(What to do)
Apart from the images, the entire listing below must be restated word for word.

*** Supplied data

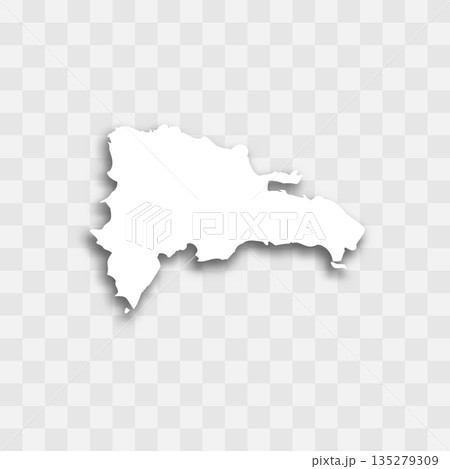 Dominican Republic high detailed vector representation of country silhouette. White color on transparent background with dropped shadow. For educational, decorative, or informational use. 135279309
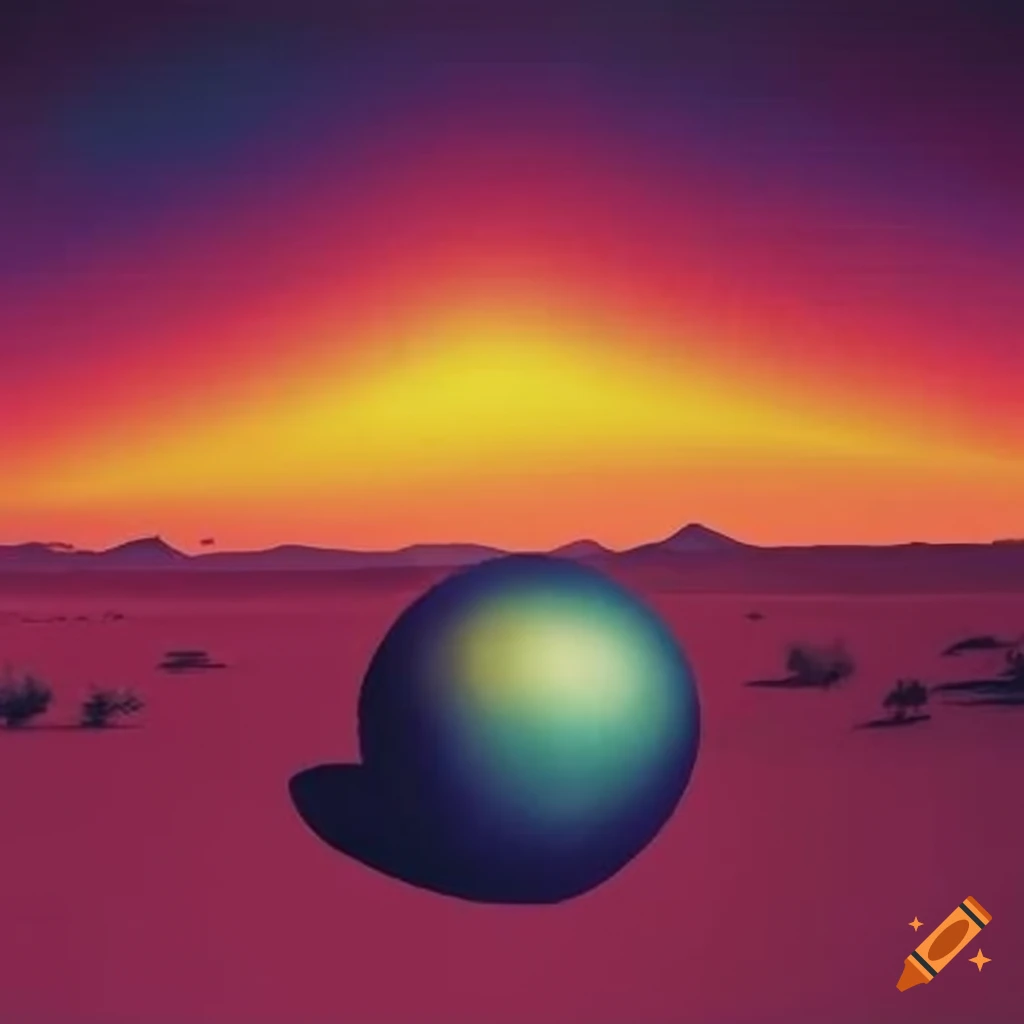 Four balls and a long rectangle in New Mexico desert inspired by Pink Floyd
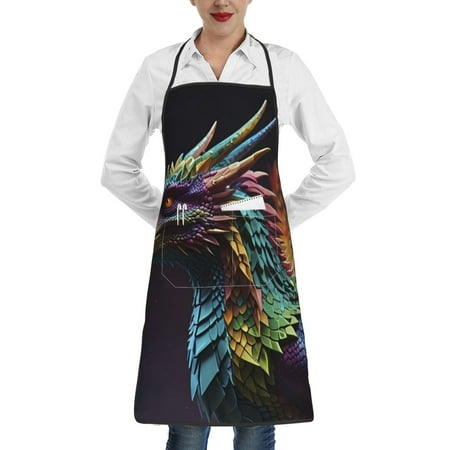 

Gaeub Dragon with Colorful Tail Kitchen Cooking Aprons Adjustable Bib Apron Waterdrop and Oil Resistant Kitchen Chef Apron for Women Men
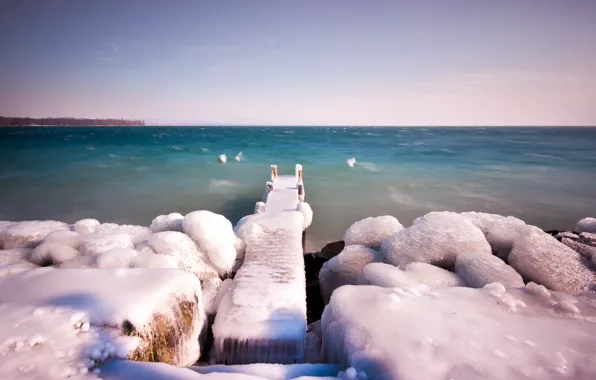 Картинка море, пейзаж, лёд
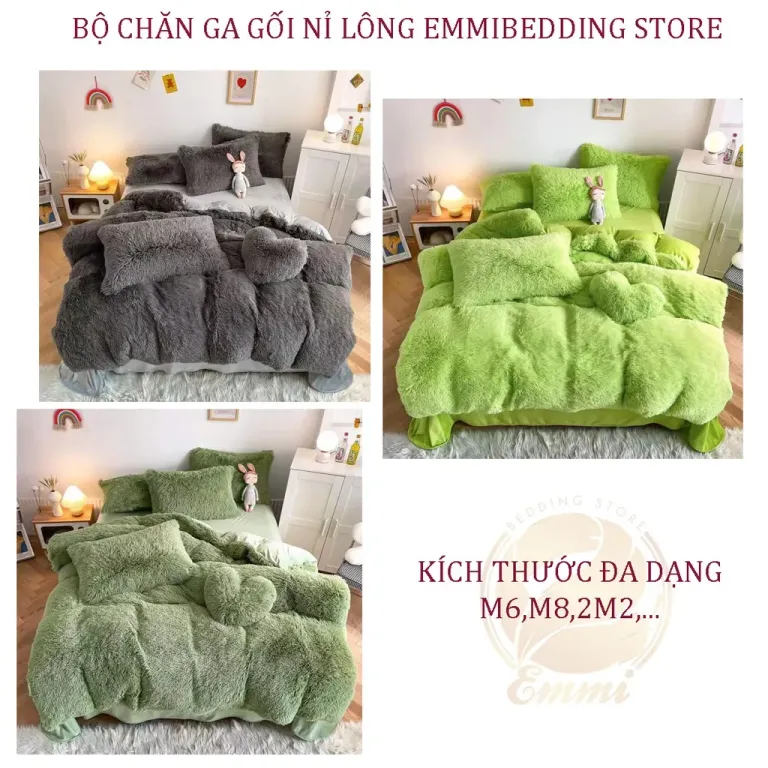 Bộ Chăn Ga Gối Nỉ Lông EMMIBEDDING STORE Mẫu Trơn Miễn Phí Bo Chun Và Làm Ga Phủ Theo Yêu Cầu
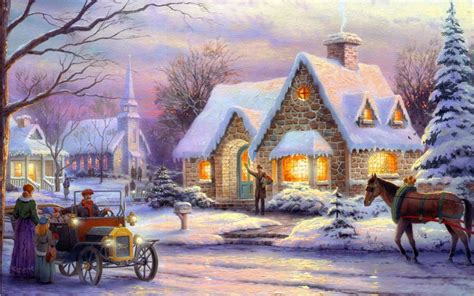 Vintage Christmas Scenes Wallpapers - Top Free Vintage Christmas Scenes ...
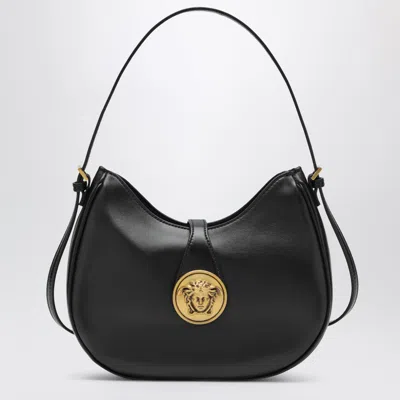 Versace Emblème Mini Nappa Hobo Bag In Black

******

(Exercise answer)
 Dominican Republic high detailed vector representation of country silhouette. White color on transparent background with dropped shadow. For educational, decorative, or informational use. 135279309
 Four balls and a long rectangle in New Mexico desert inspired by Pink Floyd

Gaeub Dragon with Colorful Tail Kitchen Cooking Aprons Adjustable Bib Apron Waterdrop and Oil Resistant Kitchen Chef Apron for Women Men
 Картинка море, пейзаж, лёд
 Bộ Chăn Ga Gối Nỉ Lông EMMIBEDDING STORE Mẫu Trơn Miễn Phí Bo Chun Và Làm Ga Phủ Theo Yêu Cầu
 Vintage Christmas Scenes Wallpapers - Top Free Vintage Christmas Scenes ...
 Versace Emblème Mini Nappa Hobo Bag In Black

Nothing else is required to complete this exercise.